Solo Parent’s benefits as recognized by law!

I am sure not a lot of solo parents are aware that there is such thing as RA 8972 also known as the “Solo Parent’s Welfare Act of 2000“. Oh well, there is. And if it wasn’t for one of my colleagues who has been exercising this right, I wouldn’t have known either.

So according to Atty. Nikki Jimeno on Smart Parenting, Republic Act 8972, or the “Solo Parents’ Welfare Act of 2000”, was enacted to provide a comprehensive program of services for solo parents and their children. This law covers fathers or mothers who raise their children by themselves, either because of the death of a spouse, abandonment, separation, or even those who have children as a result of rape. This law also considers as a solo parent those who are left to care for children not their own, such as nephews, nieces, or godchildren. So long as you are a person solely responsible for the upbringing of a child, you are considered a solo parent under this Act.

Solo parents who meet the criteria given by the law, they are entitled to the following benefits:
(1) a flexible work schedule, 
(2) protection against discrimination in the work place, and 
(3) an additional seven-day parental leave on top of the leave privileges existing under law. 

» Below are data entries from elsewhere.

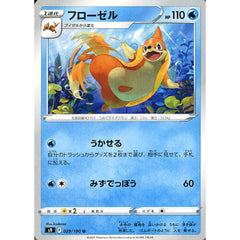 フローゼル 029/100 [U] S9 水 ポケモンカードゲーム ソード&シールド 拡張パック スターバース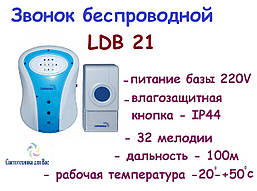 Бездротовий дзвінок Lemanso LDB 21, 220V, 32 мелодій, кнопка вологозахист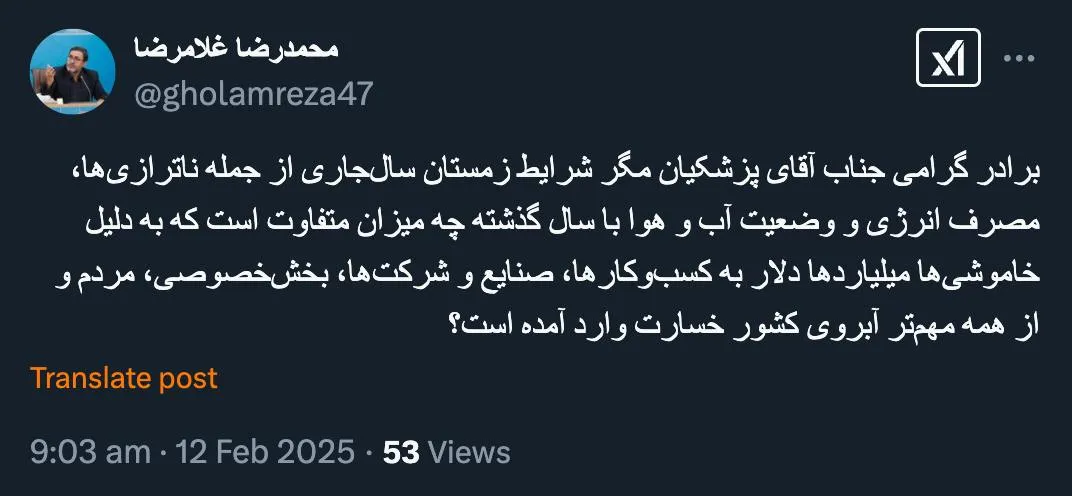 جناب آقای غلامرضا درود چرا به نقش رییس و معاونین فعلی دبیرخانه شورای عالی امنیت ملی در اتخاذ تدابیرامنیتی نمی پردازید؟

There are other benefits like the housing and medical assistance but I don’t want to go into details about those for now. It’s good that our company has experience with employees who exercised their solo parents benefits. But if you’re not sure if your company will allow the additional 7 days solo parents leave, under the law, you are entitled to it, provided that:
(a) You have rendered at least one (1) year of service in the company, whether continuous or broken;
(b) You have notified your employer of the availment thereof within a reasonable time period; and
(c) You presented a Solo Parent Identification Card to your employer.

I do qualify for the points a-b. Now to get that Solo Parent Identification Card is the tricky thing. I went to City Social Welfare office and the social worker I talked to was not friendly at all. I think she stereotyped me as one of those call center agents who would apply for the Solo Parent ID so they could just enjoy it. I had to insist that it was our right as solo parents, the law will not question how we use these days.

So, according to the social worker, they have to do a case study which could last 2 months (according to her coz she has like 20 case studies pending under her assigned area). I was told to submit Xavier’s birth certificate and bring a 1×1 photo ID. It might be different for your local DSWD but just note that this Solo Parent ID has to be renewed every year.